Following [9, 20], we will define commit-and-prove (CaP) argument systems. Intuitively, a CaP non-interactive zero knowledge argument system for \(\mathcal {R}\) allows to create a common reference string (CRS) \(\mathsf {crs}\), commit to some values \(w_i\) (say, \(u_i = \mathsf {C}_{\mathsf {ck}} (w_i; r_i)\), where \(\mathsf {ck}\) is a part of \(\mathsf {crs}\)), and then prove that a subset \(u := (u_{i_j}, w_{i_j}, r_{i_j})_{j = 1}^{\ell _m (n)}\) (for publicly known indices \(i_j\)) satisfies that \(u_{i_j}\) is a commitment of \(w_{i_j}\) with randomizer \(r_{i_j}\), and that \((w_{i_j}) \in \mathcal {R}\).

Differently from most of the previous work (but see also [12]), our CaP argument systems will use computationally binding trapdoor commitment schemes.
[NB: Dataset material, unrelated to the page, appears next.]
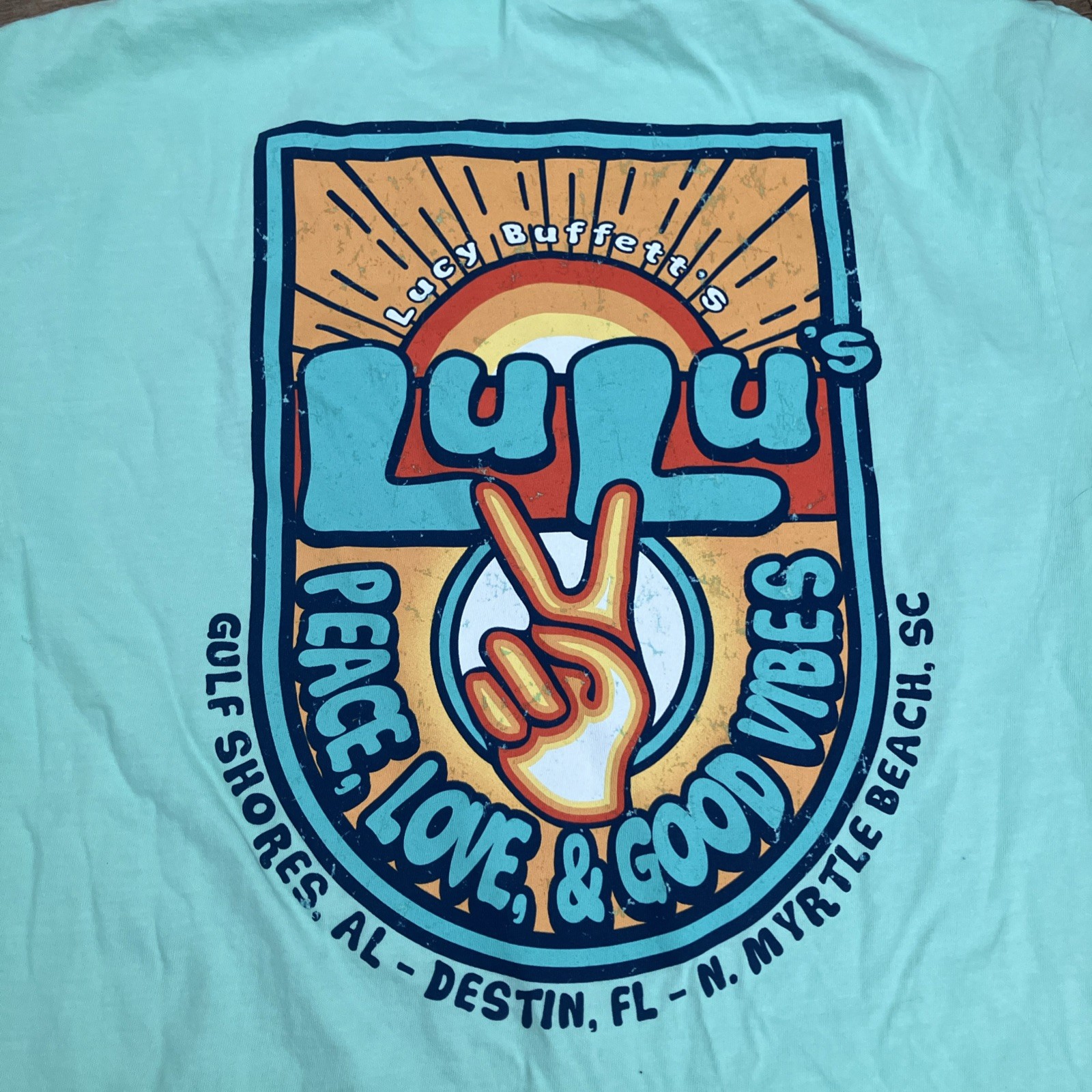 Lucy Buffett's Lulu's Short Sleeve T-shirt NEW Myrtle Beach Destin GS Souvenir gallery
This means that without their openings, commitments \(u_i = {\mathsf {C}}_{\mathsf {ck}} (a_i; r_i)\) themselves do not define a valid relation, since \(u_i\) can be a commitment to any \(a'_i\), given a suitable \(r'_i\). Rather, we define a new relation \(\mathcal {R}_{\mathsf {ck}}:= \{({\varvec{u}}, {\varvec{w}}, {\varvec{r}}): (\forall i, u_i = \mathsf {C}_{\mathsf {ck}} (w_i; r_i)) \wedge {\varvec{w}} \in \mathcal {R}\},\) and construct argument systems for \(\mathcal {R}_{\mathsf {ck}}\).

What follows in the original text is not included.